Lineage abundances were then processed, greedily aggregating abundances of lineages with parent/descendant relationships (e.g. BA.1 and BA.1.1) starting with the most abundant lineage. This was performed since one lineage would have UShER55 defining SNPs forming a subset or superset of the other lineage, and it was assumed that this splitting of highly similar lineages was due to sequencing noise. Samples were then filtered, requiring an empirically determined minimum depth of coverage where the rate of mixture detection was stable and low (Supplementary Fig. 12a). Mixtures were then required to satisfy three criteria: 1) Top lineage relative abundance no greater than 0.8, 2) second lineage relative abundance no less than 0.2, and 3) minimum of 3 UShER55 defining SNPs discriminating the two lineages comprising the mixture (Supplementary Fig. 12b-f). Each resulting mixture sample was then categorized using the parent lineage groups of the two mixed lineages (see Methods section ‘Sequence quality control and post-processing’).

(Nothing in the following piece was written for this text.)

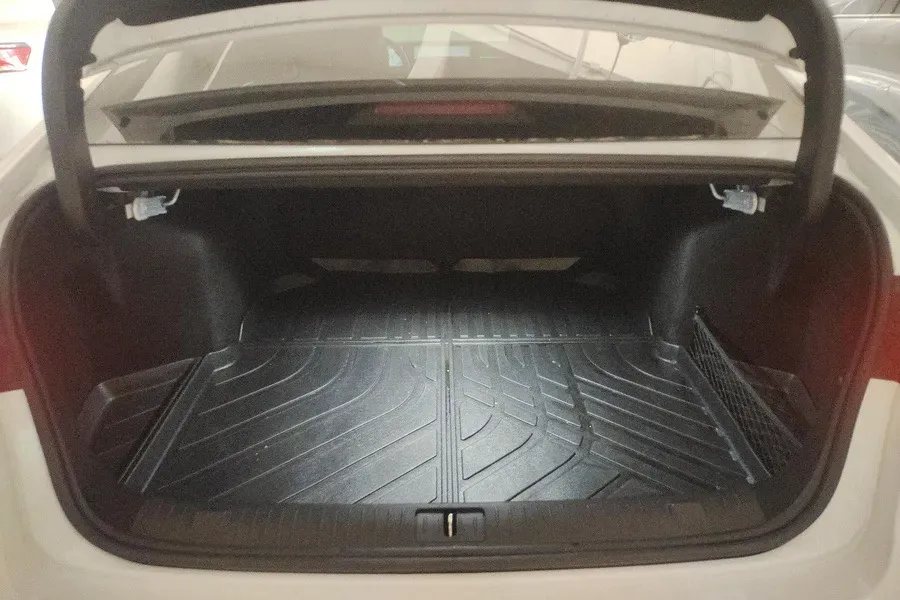 2023 Chery Arrizo 8 2.0T 254HP L4 7DCT,autocango,china used car exporter,china ev exporter,chinese used car exporter,chinese used ev exporter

Mixture samples were then processed using WhatsHap66, a standard haplotype assembly tool suitable for long sequencing reads. If a sample did not yield any haplotype blocks (i.e. no two SNPs were phased), then analysis was halted. If only a single haplotype block was obtained, then the block length and phased mutations therein were recorded. If a sample had at least two haplotype blocks, then a greedy algorithm was applied to merge these blocks while leveraging a priori mixture knowledge yielded by freyja14. The number of UShER55 defining SNPs unique to each mixture lineage (i.e. lineage-discriminating SNPs) was recorded for each block, and blocks were iteratively merged in order of descending number of lineage-discriminating SNPs (ties broken by using the larger block length). Blocks were merged to maximize the number of correctly phased lineage-discriminating SNPs. If the addition of a block did not improve the overall optimization criterion, then it was skipped. This loop continued until no further blocks with lineage-discriminating SNPs remained. A custom script was used to modify the haplotagged bam output by WhatsHap66 for visualization of merged haplotype blocks in Integrative Genomics Viewer v2.16.267.